Single by YBN Nahmir

from the album YBN: The Mixtape
- Released: January 24, 2018
- Length: 1:37
- Label: Self-released
- Songwriter: Nicholas Simmons
- Producer: Hoodzone Productions

YBN Nahmir singles chronology
| "Hi Bich (Remix)" (2018) | "Bounce Out with That" (2018) | "1942" (2018) |

Music video
- "Bounce Out with That" on YouTube

= Bounce Out with That =

"Bounce Out with That" is a song by American rapper YBN Nahmir. The track was released on January 24, 2018, and peaked at number one on the Bubbling Under Hot 100 chart and at number 76 on the Canadian Hot 100.

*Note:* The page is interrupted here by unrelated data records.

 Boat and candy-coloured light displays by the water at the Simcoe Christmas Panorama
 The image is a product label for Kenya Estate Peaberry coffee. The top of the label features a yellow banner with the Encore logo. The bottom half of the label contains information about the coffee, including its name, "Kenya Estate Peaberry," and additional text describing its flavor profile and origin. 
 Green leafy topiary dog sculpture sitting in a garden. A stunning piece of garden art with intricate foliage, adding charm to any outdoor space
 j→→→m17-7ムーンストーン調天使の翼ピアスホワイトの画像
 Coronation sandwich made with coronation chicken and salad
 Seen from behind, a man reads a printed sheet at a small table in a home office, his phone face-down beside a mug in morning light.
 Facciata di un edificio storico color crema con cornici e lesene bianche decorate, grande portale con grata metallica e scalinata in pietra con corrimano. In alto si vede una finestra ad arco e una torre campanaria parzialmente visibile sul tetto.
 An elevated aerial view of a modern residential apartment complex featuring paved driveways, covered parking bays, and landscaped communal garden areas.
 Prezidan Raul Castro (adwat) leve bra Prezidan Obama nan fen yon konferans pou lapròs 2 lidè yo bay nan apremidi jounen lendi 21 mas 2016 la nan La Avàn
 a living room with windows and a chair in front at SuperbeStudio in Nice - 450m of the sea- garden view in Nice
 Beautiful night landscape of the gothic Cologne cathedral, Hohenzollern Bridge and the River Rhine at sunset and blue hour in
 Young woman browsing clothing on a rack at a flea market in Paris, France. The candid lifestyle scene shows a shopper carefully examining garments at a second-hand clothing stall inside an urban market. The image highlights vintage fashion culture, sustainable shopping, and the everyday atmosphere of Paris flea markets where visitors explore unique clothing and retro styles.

The track was certified Gold on August 16, 2018, and Platinum on December 14, 2018.

== Music video ==
The music video was released alongside the track on January 24, 2018, with guest appearances from the likes of PnB Rock, Fatboy SSE, and more. Lindsey India of XXL called the music video "turnt up".

== Critical reception ==
Mitch Findlay of HotNewHipHop called the song "a solid introduction for those looking to find out what YBN Nahmir is about", and said the instrumental was "bouncy".

== Charts ==

| Chart (2018) | Peak position |
|---|---|
| Canada (Canadian Hot 100) | 76 |
| US Bubbling Under Hot 100 Singles (Billboard) | 1 |
| US Hot R&B/Hip-Hop Songs (Billboard) | 47 |

==Certifications==

| Region | Certification | Certified units/sales |
| Canada (Music Canada) | 2× Platinum | 160,000^{‡} |
| New Zealand (RMNZ) | Gold | 15,000^{‡} |
| United States (RIAA) | 2× Platinum | 2,000,000^{‡} |
^{‡} Sales+streaming figures based on certification alone.